[[ GIVEN INFORMATION open ]]

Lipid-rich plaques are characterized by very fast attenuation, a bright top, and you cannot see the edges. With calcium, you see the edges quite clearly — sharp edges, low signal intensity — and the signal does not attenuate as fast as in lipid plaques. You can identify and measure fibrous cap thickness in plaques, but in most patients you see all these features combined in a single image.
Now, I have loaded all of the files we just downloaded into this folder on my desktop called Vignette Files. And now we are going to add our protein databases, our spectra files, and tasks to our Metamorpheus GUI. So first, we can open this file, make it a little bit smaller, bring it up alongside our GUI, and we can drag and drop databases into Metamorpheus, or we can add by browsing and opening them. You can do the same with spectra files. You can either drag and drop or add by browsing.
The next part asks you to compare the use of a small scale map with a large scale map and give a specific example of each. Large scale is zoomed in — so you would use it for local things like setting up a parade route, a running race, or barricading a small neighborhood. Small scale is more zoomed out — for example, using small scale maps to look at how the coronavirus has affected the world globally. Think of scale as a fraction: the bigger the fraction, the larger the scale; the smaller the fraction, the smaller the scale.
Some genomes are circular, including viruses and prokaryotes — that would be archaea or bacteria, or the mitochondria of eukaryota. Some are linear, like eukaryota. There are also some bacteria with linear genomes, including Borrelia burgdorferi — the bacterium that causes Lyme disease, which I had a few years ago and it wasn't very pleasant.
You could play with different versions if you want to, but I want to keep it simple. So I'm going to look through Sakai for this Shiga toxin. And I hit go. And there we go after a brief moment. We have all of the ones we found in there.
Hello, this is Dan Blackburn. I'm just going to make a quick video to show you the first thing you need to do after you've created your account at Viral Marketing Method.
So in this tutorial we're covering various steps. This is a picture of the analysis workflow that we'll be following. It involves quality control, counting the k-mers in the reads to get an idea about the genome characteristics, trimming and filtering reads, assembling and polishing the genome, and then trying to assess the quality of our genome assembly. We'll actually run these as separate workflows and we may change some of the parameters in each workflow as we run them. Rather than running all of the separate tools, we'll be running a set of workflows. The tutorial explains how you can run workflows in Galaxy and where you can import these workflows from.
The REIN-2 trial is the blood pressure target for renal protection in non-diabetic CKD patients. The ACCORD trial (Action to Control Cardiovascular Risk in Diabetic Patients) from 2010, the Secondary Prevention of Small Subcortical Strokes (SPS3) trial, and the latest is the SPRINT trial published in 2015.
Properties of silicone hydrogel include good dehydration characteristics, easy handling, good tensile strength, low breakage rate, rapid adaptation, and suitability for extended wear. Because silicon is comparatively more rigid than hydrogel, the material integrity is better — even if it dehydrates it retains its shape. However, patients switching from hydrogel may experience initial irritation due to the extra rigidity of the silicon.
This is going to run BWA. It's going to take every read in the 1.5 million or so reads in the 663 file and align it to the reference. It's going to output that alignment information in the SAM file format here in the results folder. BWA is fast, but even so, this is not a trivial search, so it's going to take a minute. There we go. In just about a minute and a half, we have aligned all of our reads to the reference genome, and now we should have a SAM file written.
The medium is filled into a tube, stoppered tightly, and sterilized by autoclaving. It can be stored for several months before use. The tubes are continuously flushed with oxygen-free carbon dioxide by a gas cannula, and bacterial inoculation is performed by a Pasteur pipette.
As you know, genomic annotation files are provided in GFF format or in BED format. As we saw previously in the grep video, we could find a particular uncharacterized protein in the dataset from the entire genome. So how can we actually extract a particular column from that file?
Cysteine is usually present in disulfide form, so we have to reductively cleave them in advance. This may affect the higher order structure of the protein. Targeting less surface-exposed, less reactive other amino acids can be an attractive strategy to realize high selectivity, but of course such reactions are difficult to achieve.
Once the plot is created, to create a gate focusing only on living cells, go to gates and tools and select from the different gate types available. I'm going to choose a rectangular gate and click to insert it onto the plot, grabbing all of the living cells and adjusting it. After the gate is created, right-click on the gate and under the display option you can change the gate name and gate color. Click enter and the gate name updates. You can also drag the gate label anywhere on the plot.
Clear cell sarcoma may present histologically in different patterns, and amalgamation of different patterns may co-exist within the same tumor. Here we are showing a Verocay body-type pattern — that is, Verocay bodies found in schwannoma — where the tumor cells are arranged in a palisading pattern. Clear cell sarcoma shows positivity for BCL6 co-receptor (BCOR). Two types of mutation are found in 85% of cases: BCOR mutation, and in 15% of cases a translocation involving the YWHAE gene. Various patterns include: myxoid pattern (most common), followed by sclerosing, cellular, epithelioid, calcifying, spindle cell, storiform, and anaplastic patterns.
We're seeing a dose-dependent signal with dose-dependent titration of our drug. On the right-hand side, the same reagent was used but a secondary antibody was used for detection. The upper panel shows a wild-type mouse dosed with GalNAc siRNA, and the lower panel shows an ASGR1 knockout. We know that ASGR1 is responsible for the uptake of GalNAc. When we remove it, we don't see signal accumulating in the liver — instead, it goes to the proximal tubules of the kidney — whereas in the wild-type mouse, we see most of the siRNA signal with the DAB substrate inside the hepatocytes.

[[ GIVEN INFORMATION closed ]]

▸ ABOUT THIS TASK:
Copy every entry exactly, missing none.

▸ FINAL ANSWER:
Lipid-rich plaques are characterized by very fast attenuation, a bright top, and you cannot see the edges. With calcium, you see the edges quite clearly — sharp edges, low signal intensity — and the signal does not attenuate as fast as in lipid plaques. You can identify and measure fibrous cap thickness in plaques, but in most patients you see all these features combined in a single image.
Now, I have loaded all of the files we just downloaded into this folder on my desktop called Vignette Files. And now we are going to add our protein databases, our spectra files, and tasks to our Metamorpheus GUI. So first, we can open this file, make it a little bit smaller, bring it up alongside our GUI, and we can drag and drop databases into Metamorpheus, or we can add by browsing and opening them. You can do the same with spectra files. You can either drag and drop or add by browsing.
The next part asks you to compare the use of a small scale map with a large scale map and give a specific example of each. Large scale is zoomed in — so you would use it for local things like setting up a parade route, a running race, or barricading a small neighborhood. Small scale is more zoomed out — for example, using small scale maps to look at how the coronavirus has affected the world globally. Think of scale as a fraction: the bigger the fraction, the larger the scale; the smaller the fraction, the smaller the scale.
Some genomes are circular, including viruses and prokaryotes — that would be archaea or bacteria, or the mitochondria of eukaryota. Some are linear, like eukaryota. There are also some bacteria with linear genomes, including Borrelia burgdorferi — the bacterium that causes Lyme disease, which I had a few years ago and it wasn't very pleasant.
You could play with different versions if you want to, but I want to keep it simple. So I'm going to look through Sakai for this Shiga toxin. And I hit go. And there we go after a brief moment. We have all of the ones we found in there.
Hello, this is Dan Blackburn. I'm just going to make a quick video to show you the first thing you need to do after you've created your account at Viral Marketing Method.
So in this tutorial we're covering various steps. This is a picture of the analysis workflow that we'll be following. It involves quality control, counting the k-mers in the reads to get an idea about the genome characteristics, trimming and filtering reads, assembling and polishing the genome, and then trying to assess the quality of our genome assembly. We'll actually run these as separate workflows and we may change some of the parameters in each workflow as we run them. Rather than running all of the separate tools, we'll be running a set of workflows. The tutorial explains how you can run workflows in Galaxy and where you can import these workflows from.
The REIN-2 trial is the blood pressure target for renal protection in non-diabetic CKD patients. The ACCORD trial (Action to Control Cardiovascular Risk in Diabetic Patients) from 2010, the Secondary Prevention of Small Subcortical Strokes (SPS3) trial, and the latest is the SPRINT trial published in 2015.
Properties of silicone hydrogel include good dehydration characteristics, easy handling, good tensile strength, low breakage rate, rapid adaptation, and suitability for extended wear. Because silicon is comparatively more rigid than hydrogel, the material integrity is better — even if it dehydrates it retains its shape. However, patients switching from hydrogel may experience initial irritation due to the extra rigidity of the silicon.
This is going to run BWA. It's going to take every read in the 1.5 million or so reads in the 663 file and align it to the reference. It's going to output that alignment information in the SAM file format here in the results folder. BWA is fast, but even so, this is not a trivial search, so it's going to take a minute. There we go. In just about a minute and a half, we have aligned all of our reads to the reference genome, and now we should have a SAM file written.
The medium is filled into a tube, stoppered tightly, and sterilized by autoclaving. It can be stored for several months before use. The tubes are continuously flushed with oxygen-free carbon dioxide by a gas cannula, and bacterial inoculation is performed by a Pasteur pipette.
As you know, genomic annotation files are provided in GFF format or in BED format. As we saw previously in the grep video, we could find a particular uncharacterized protein in the dataset from the entire genome. So how can we actually extract a particular column from that file?
Cysteine is usually present in disulfide form, so we have to reductively cleave them in advance. This may affect the higher order structure of the protein. Targeting less surface-exposed, less reactive other amino acids can be an attractive strategy to realize high selectivity, but of course such reactions are difficult to achieve.
Once the plot is created, to create a gate focusing only on living cells, go to gates and tools and select from the different gate types available. I'm going to choose a rectangular gate and click to insert it onto the plot, grabbing all of the living cells and adjusting it. After the gate is created, right-click on the gate and under the display option you can change the gate name and gate color. Click enter and the gate name updates. You can also drag the gate label anywhere on the plot.
Clear cell sarcoma may present histologically in different patterns, and amalgamation of different patterns may co-exist within the same tumor. Here we are showing a Verocay body-type pattern — that is, Verocay bodies found in schwannoma — where the tumor cells are arranged in a palisading pattern. Clear cell sarcoma shows positivity for BCL6 co-receptor (BCOR). Two types of mutation are found in 85% of cases: BCOR mutation, and in 15% of cases a translocation involving the YWHAE gene. Various patterns include: myxoid pattern (most common), followed by sclerosing, cellular, epithelioid, calcifying, spindle cell, storiform, and anaplastic patterns.
We're seeing a dose-dependent signal with dose-dependent titration of our drug. On the right-hand side, the same reagent was used but a secondary antibody was used for detection. The upper panel shows a wild-type mouse dosed with GalNAc siRNA, and the lower panel shows an ASGR1 knockout. We know that ASGR1 is responsible for the uptake of GalNAc. When we remove it, we don't see signal accumulating in the liver — instead, it goes to the proximal tubules of the kidney — whereas in the wild-type mouse, we see most of the siRNA signal with the DAB substrate inside the hepatocytes.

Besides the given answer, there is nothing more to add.